Ford falters, warns worse could come
DEARBORN, Mich (AP):
Ford Motor Co's shares tumbled on Thursday after it reported weaker-than-expected second-quarter earnings and warned that things could get worse in the second half of the year.
Ford's net income fell nine per cent to US$2.0 billion in the second quarter as the company struggled with flattening US sales and a tougher market in China.
The Dearborn, Michigan, based company said its full-year guidance, which calls for a pretax profit of US$10 billion to US$11 billion, remains intact but is at risk. Among the looming issues in the second half of this year are the expensive launch of Ford's new aluminum-sided Super Duty pick-up truck and an expected US$145 million hit to sales in Britain because of its vote to leave the European Union.
The automaker's shares fell US$1.13, or 8.2 per cent, to finish at US$12.71 Thursday.
Ford CEO Mark Fields said the company will take actions to improve its results, including cutting production to meet demand and making sure all markets have the right mix of vehicles.
"It's kind of like when you're having a bad golf game you just play through it," he said.
It wasn't the result many had expected. After Ford's chief rival General Motors Co reported last week that its second-quarter profit more than doubled to US$2.87 billion, many analysts thought they would hear similar good news from Ford.
There was some good news. Because of its strong first quarter Ford still managed to a record first-half operating profit of US$6.8 billion. In Europe - long a trouble spot for the company - second-quarter sales rose 11 per cent and pretax profits nearly tripled to US$467 million, thanks in part to stronger sales in Russia.

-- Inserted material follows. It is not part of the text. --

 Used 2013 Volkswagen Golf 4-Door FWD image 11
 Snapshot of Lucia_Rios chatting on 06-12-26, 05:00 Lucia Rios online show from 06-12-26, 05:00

However, Ford also fed into many investors' lingering worries about slowing US sales and market pressures in China. "They're trying to underpromise and overdeliver for the back half of the year," said James Albertine, an auto analyst with Consumer Edge Research.
Ford's results reflected some Ford-specific problems, like the Super Duty launch. But its warnings about US sales could dampen the whole industry. Ford's chief financial officer, Bob Shanks, said after an unprecedented growth streak the US market is starting to plateau. Pretax results in the region fell 5 per cent to US$2.7 billion.
Ford's North American sales were flat from a year ago, and Ford's market share in the region didn't budge despite a big increase in incentive spending. Ford spent US$3,475 per vehicle on incentives, compared to US$2,700 in the same quarter last year, according to estimates from Kelley Blue Book.
"We don't see growth, at least in the near term," Shanks said. Ford lowered its estimates for full-year industry sales in the US.
There were other storm clouds. Shanks said Britain's exit vote will likely cost the company US$400 million to US$500 million annually in lower sales and weaker currency until the exit is completed. There's too much uncertainty to predict much after that, Shanks said, but the company is considering how to mitigate its risks. Ford is the top-selling brand in the UK and has engine and transmission plants there.
In Asia, Ford recorded its first pretax loss (US$8 million) in more than three years. Shanks said Ford sold fewer commercial vehicles in China and spent heavily on engineering and warranty costs. The weaker yuan also impacted sales of its luxury Lincoln brand.
Ford's losses in South America also more than doubled to US$265 million because of continuing economic issues in the region.